López Obrador, al igual que Chávez, basa su proyecto de gobierno en un proyecto revolucionario de las conciencias a largo plazo y que tiene el nombre de Cuarta Transformación, que no es anticapitalista como el de Chávez. A las élites estadounidenses no les gusta la 4T, una muestra de ello es que siguen apoyando a los grupos antiobradoristas que dirige Claudio X. González, hijo. No le gusta que el gobierno mexicano, ni ninguno en el mundo, tenga un proyecto económico independiente, aunque dentro de la estrategia global estadounidense.

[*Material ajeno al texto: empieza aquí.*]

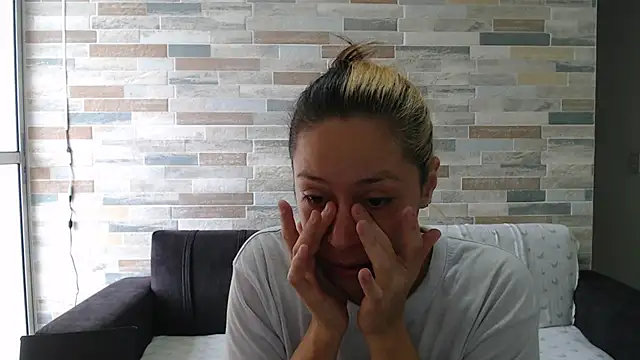 MommyMiaWs online show from 09-30-25, 04:34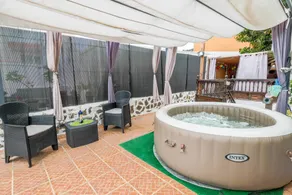 House with hot tub & terrace | Sea view - Image 2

El proyecto económico de Chávez estuvo sustentado en las riquezas petroleras de Venezuela que Estados Unidos no quiso ni quiere perder ante la emergencia del chavismo y ahora con Maduro impulsa grupos golpistas radicales que a toda costa quisieron apoderarse del poder. México apostó a los recursos energéticos no renovables, pero sustentado en un proyecto económico independiente dentro del marco de la coyuntura económica mundial, incrustándose en el flanco estadounidense, manteniendo la autonomía.

Hoy, Venezuela continúa con Maduro, y será incorporada a los BRICS el modelo chino-ruso alternativo al de EE. UU. y la Unión Europea. En México, Claudia Sheinbaum será la continuadora del obradorismo.